## EXERCISE AIM
Omit any picture, and return the remaining data exactly as written.

## DATA BLOCK

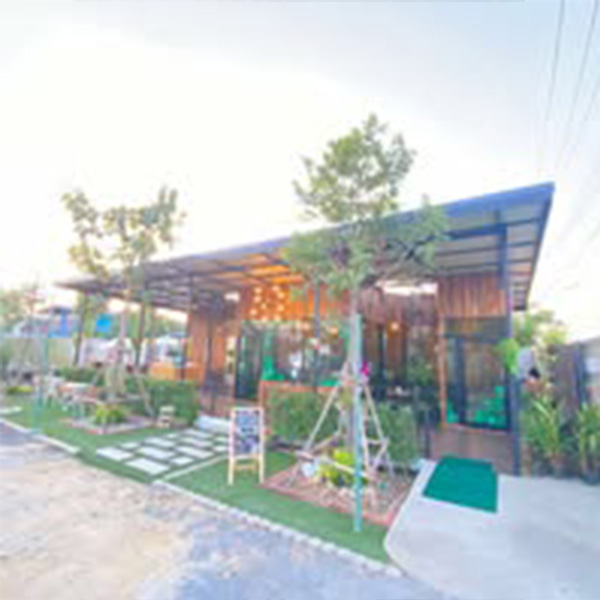 บ้านสวนกำไรสุข, 321 Furusato-ふるさと, เพลินปะกง คาเฟ่, Sun up Café, สวนป่าบ้านลุง, 87 Home Cafe', บ้านตั้งต้น, Norris Coffee, Cafe de Mu, คาเฟ่แรงใจ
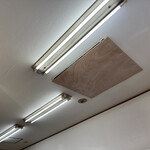 横浜らーめん 本牧家 - クーラー？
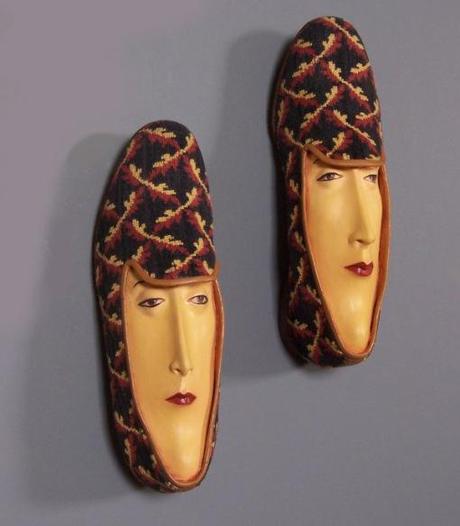 Top 10 Unusual Upcycled Shoe Sculptures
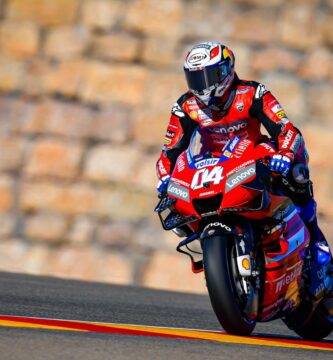 Barana Dovizioso MotoGP 2020 Ducati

## WRITTEN REPLY
 บ้านสวนกำไรสุข, 321 Furusato-ふるさと, เพลินปะกง คาเฟ่, Sun up Café, สวนป่าบ้านลุง, 87 Home Cafe', บ้านตั้งต้น, Norris Coffee, Cafe de Mu, คาเฟ่แรงใจ
 横浜らーめん 本牧家 - クーラー？
 Top 10 Unusual Upcycled Shoe Sculptures
 Barana Dovizioso MotoGP 2020 Ducati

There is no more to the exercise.